--- RAW DATA ---

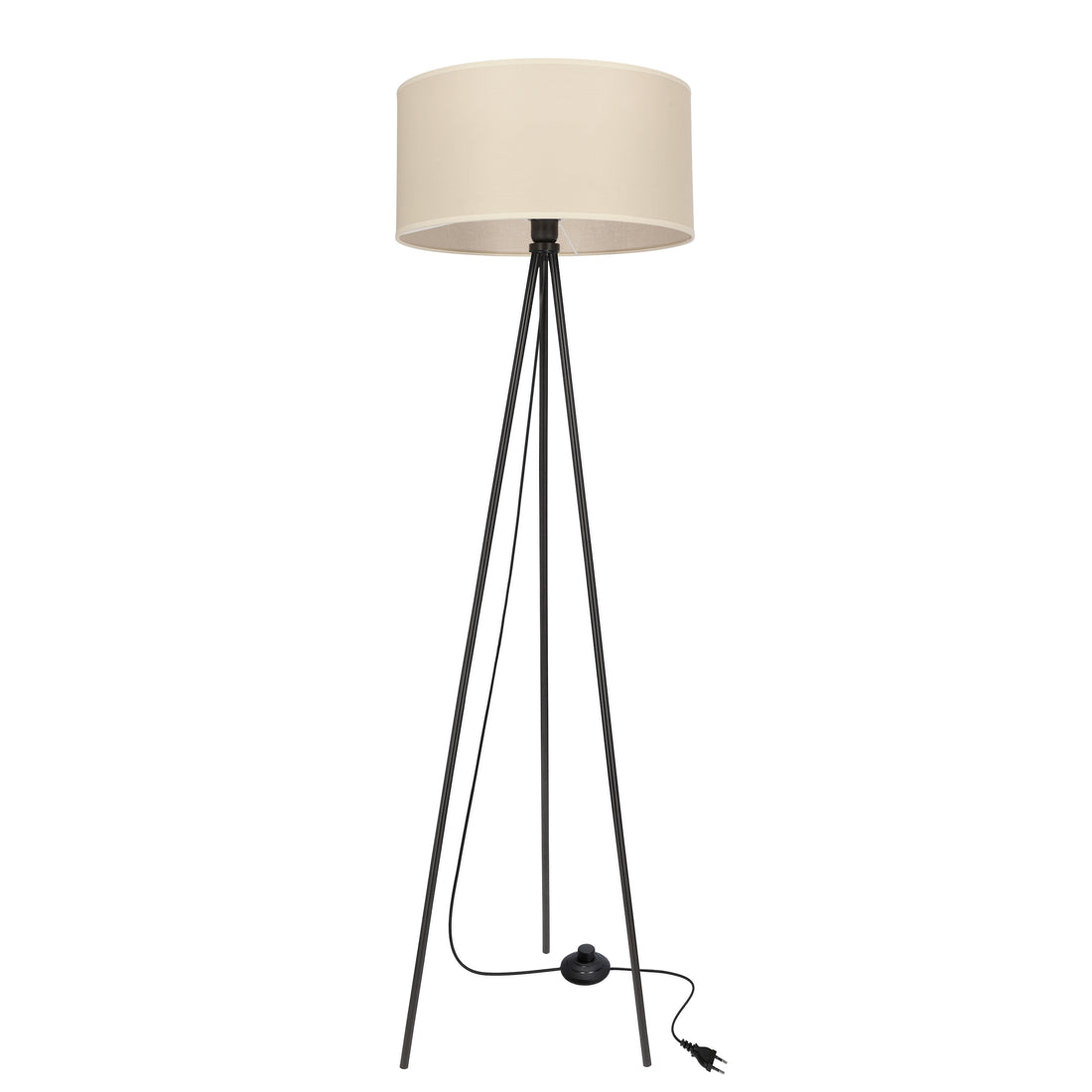 Lampadaire Acier Tissu Noir · Shanti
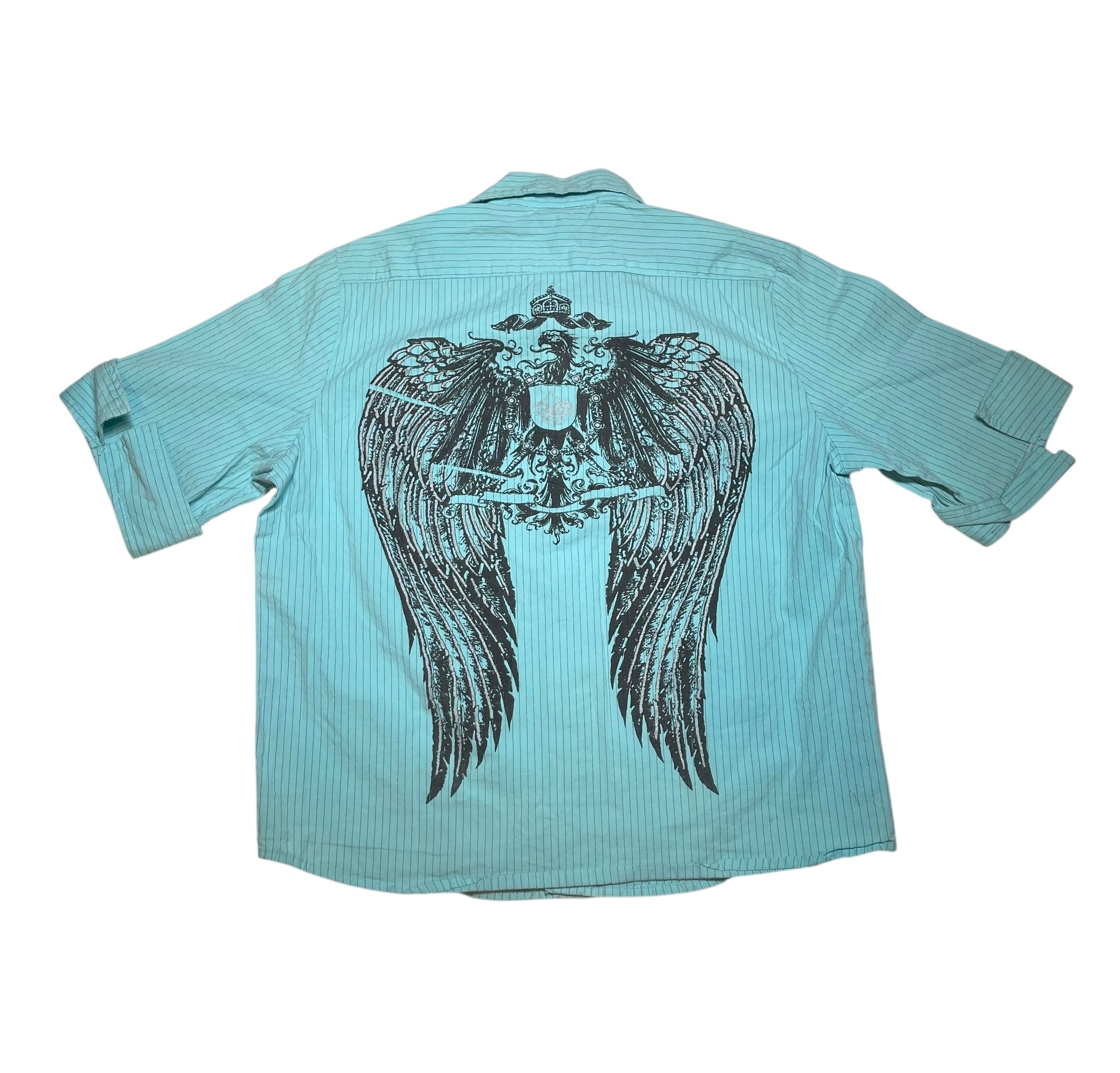 Y2K Winged Jaguars Pinstriped Button-up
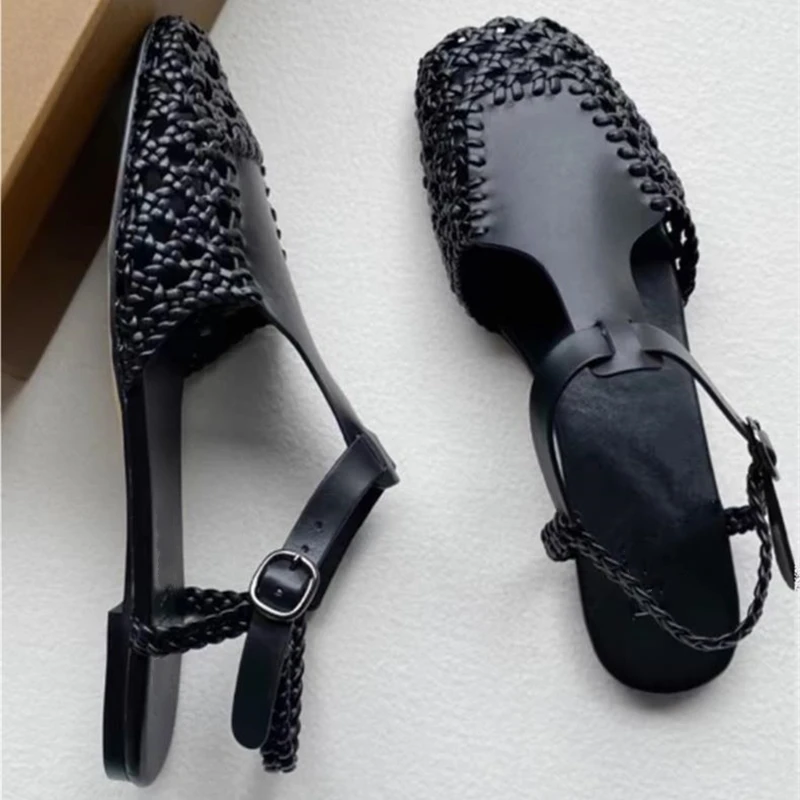 AIYUQI Women's Summer Sandals 2024 New Vintage Flat Mary-jane Shoes Fisherman Weave Roman Sandals Women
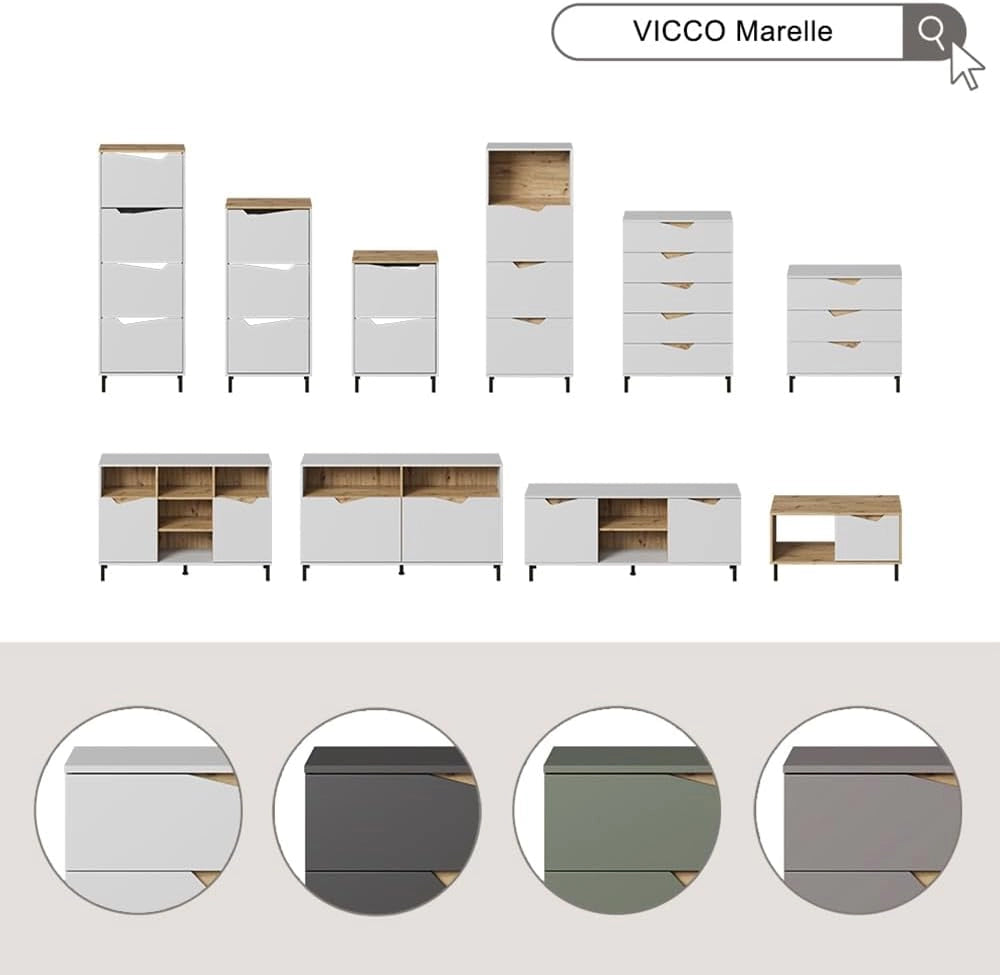 Credenza Marelle, Antracite/Artisan, 140 x 81.3 cm con 2 porte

---

Make an exact copy of the listing above, omitting the pictures.

## TASK RESULT
 Lampadaire Acier Tissu Noir · Shanti
 Y2K Winged Jaguars Pinstriped Button-up
 AIYUQI Women's Summer Sandals 2024 New Vintage Flat Mary-jane Shoes Fisherman Weave Roman Sandals Women
 Credenza Marelle, Antracite/Artisan, 140 x 81.3 cm con 2 porte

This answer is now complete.